Estonian President Arnold Rüütel must first nominate Parts before the Res Publica leader can take office. Rüütel is expected to make an announcement within the next few days. The president could still nominate leftist leader Edgar Savisaar—though that would be a mere formality with Savisaar, a self-declared champion of the poor, now having virtually no chance of sweeping together the needed legislative seats. The 52-year-old, forced to resign in disgrace as interior minister in 1995 amid allegations he secretly tape recorded his political rivals, led his Center Party to a razor thin victory in the March 2 election, winning 25.4 percent of the popular vote. But it fell well short of a parliamentary majority—with several center-right parties landing enough seats to take the initiative in creating a new administration. Rüütel has said in the past that the party garnering the most votes, on principle, should get the first crack at forming a government—even if all indications are that it will fail.

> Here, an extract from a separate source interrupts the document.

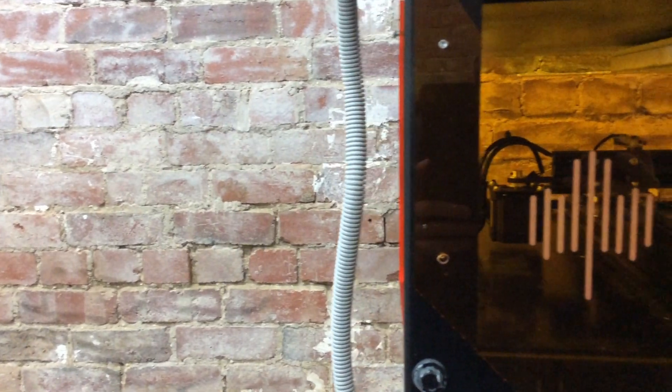G'day guys! Tony here with Maple Glass Printing. Today, I'm going to show you the world's most advanced glass 3D printers.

VILNIUS (CITY PAPER) A military helicopter crashed into the Baltic Sea off Lithuania’s coast late Wednesday night, killing two and injuring four. It wasn’t clear why the Russian-made Mi-8 went down near Klaipeda during a training exercise, though officials said they were investigating the incident. The four soldiers injured weren’t in serious condition. The bodies of the two others, including the pilot, were pulled from the water on Thursday. Lithuanian President Rolandas Paksas, himself a highly trained pilot, has extended his condolences to the families of the dead.
Tuesday—March 25, 2003
VILNIUS (CITY PAPER) Lithuania and Estonia said Tuesday they would dispatch non-combat forces to Iraq—with Lithuania saying it was ready to do so within the week—yet another signal of Baltic governments’ staunch backing for U.S.-led military action in the Persian Gulf. While Estonia said it would deploy 55 peacekeeping troops to Iraq only after the war ends, Lithuania said it was set to send 16 soldiers, including six army doctors, in a matter of days. “They are ready to leave now,” Lithuanian Defense Minister Linas Linkevicius told journalists after the 141-seat Seimas legislature voted 59 to 13 to support the government plan; two deputies abstained and others either weren’t present or didn’t vote. The Lithuanian resolution says the soldiers will be on “a humanitarian mission” and will not take part in direct military action.
The Estonian government’s decision is still subject to approval by the country’s Riigikogu parliament, though that should come easily, according to government spokesman Daniel Vaarik. He said the U.S. hadn’t yet asked Estonia to pledge peacekeeping troops, “but we could see this (request) might come.” The peacekeepers, once deployed, were expected to stay in Iraq for six months, he said.
Last week, Latvia’s parliament also approved legislation permitting the government to send peacekeepers. Lawmakers said they would likely include a dozen medical personnel, mine clearing specialists and military police.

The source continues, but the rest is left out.